Хорошо, что начали они эти сборы еще до рассвета, потому что первые лучи настигли их как раз в тот момент, когда он с характерным хлюпающим звуком вышел из нее, а на пол закапало белое семя. Дальше приходилось действовать быстро, хоть в голове и всем теле было желание завалиться обратно на шкуры в его объятия и спать. Прерываемая поцелуями и поглаживаниями тел, она снова стерла испарину и следы их секса все тем же мокрым полотенцем. Хеймдалль выглядел уставшим, но довольным собой, наверное, он еще радовался тому вакууму, который был в ее голове после такой ночи и бурного утра.

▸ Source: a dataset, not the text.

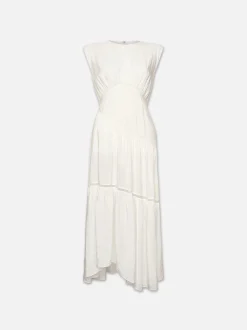 FRAME Gathered Seam Lace Inset Dress in<Women Dresses & Jumpsuits
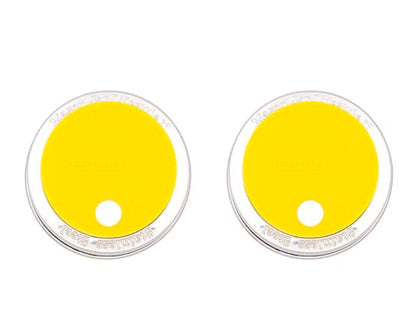 Lemon Yellow Regular Mouth Silicone Straw Hole Tumbler and Fermentation Lids with Stainless Steel Bands by Mason Jar Lifestyle (2 Pack, Regular Mouth) - color: Lemon Yellow, size: Regular Mouth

Быстро накинув одежду они поспешили обратно на воздух. София так и не смогла толком осмотреть ни открытое с помощью собственной магии хранилище с артефактами Греции, ни то место, где они стали с Хеймдаллем едиными. Впрочем, в душе было четкое ощущение, что здесь она далеко не в последний раз, а от тех самых разговоров про «все позы и все поверхности» у нее снова скручивался узел в животе.
Интересно, так и должно быть? То есть ей и правда настолько должно было все это понравиться, что иногда в ее мыслях был только Хеймдалль и его ласки? Наверное, это было как-то связано с самим парнем, с его манерой себя держать, с харизмой и язвительностью, с властным и надменным фиолетовым взглядом, которому хотелось подчиняться, что ломало ее представление о самой себе, как о самодостаточной воительнице, мудрой полубогине. Все эти противоречия и чувства, что вызывал только он, выливались в такое дикое желание, которое к ее счастью было обоюдным и не порицаемым парнем.
Он показал ей ту самую безопасную тропку до стены, которой они могли бы пробраться, но вместо этого лазили по скалам в опасной близости к пропасти. Кое-как расставшись с Хеймдаллем, который опять затянул ее в страстный долгий поцелуй прямо возле стены и мирно щиплющем травку зверем, она поспешила в Асгард. Окна собственной комнаты с братом удачно выходили почти что в какой-то сад, оттого пробраться к ним оказалось проще.
А после она пыталась играть и дальше привычную роль, скрывая возникший дискомфорт и какое-то невероятно приподнятое настроение, будто она готова сдвинуть горы или вместо Атласа держать всю землю на своих плечах. Чтобы хоть как-то утихомирить собственные чувства и мысли, София направилась на тренировку. Хотя и здесь из-за невероятно смелых шагов в контратаке, а также в каком-то невероятном боевом настрое, она выдавала свои внутренние изменения.